* **Information shown**

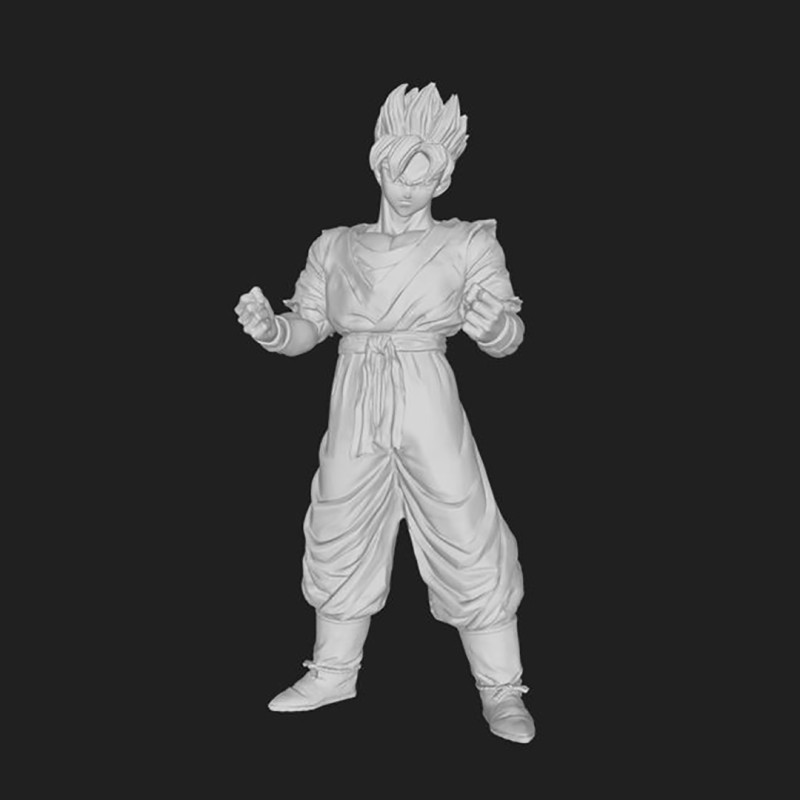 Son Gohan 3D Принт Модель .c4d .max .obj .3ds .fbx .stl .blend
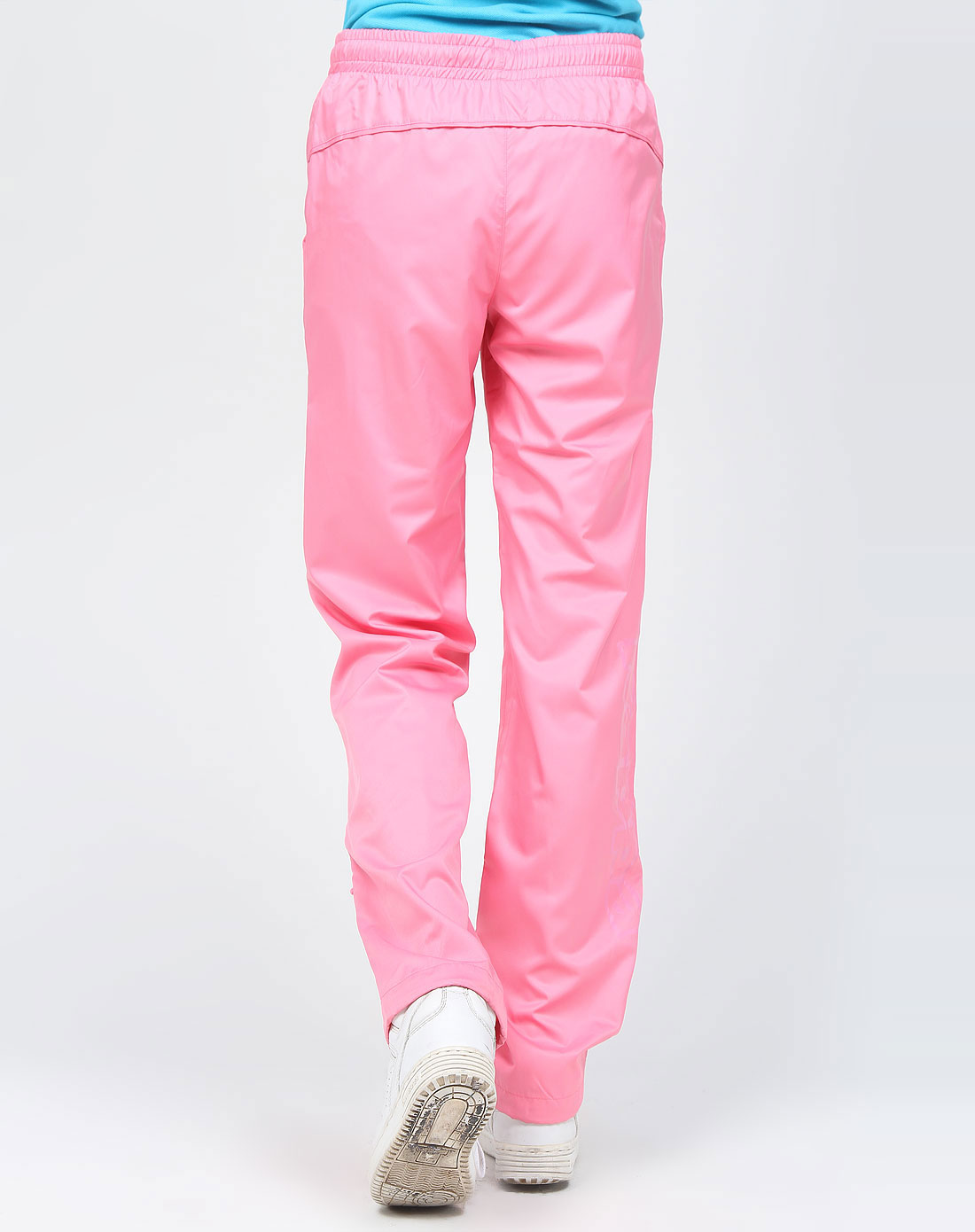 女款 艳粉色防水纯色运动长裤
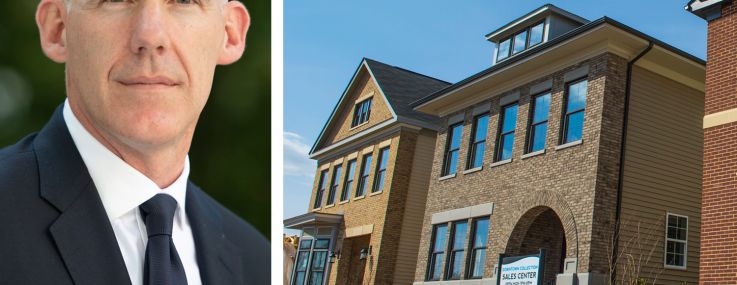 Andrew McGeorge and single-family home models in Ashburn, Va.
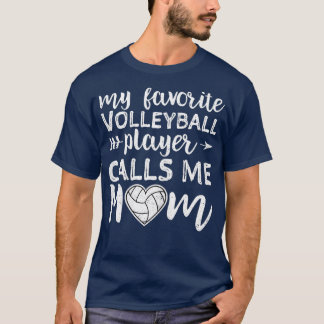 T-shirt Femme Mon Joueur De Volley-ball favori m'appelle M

* **Task brief**
Leaving out all pictures, repeat word for word the lines from the one containing "Andrew McGeorge and" through the final line of the material above.

* **Task solution**
 Andrew McGeorge and single-family home models in Ashburn, Va.
 T-shirt Femme Mon Joueur De Volley-ball favori m'appelle M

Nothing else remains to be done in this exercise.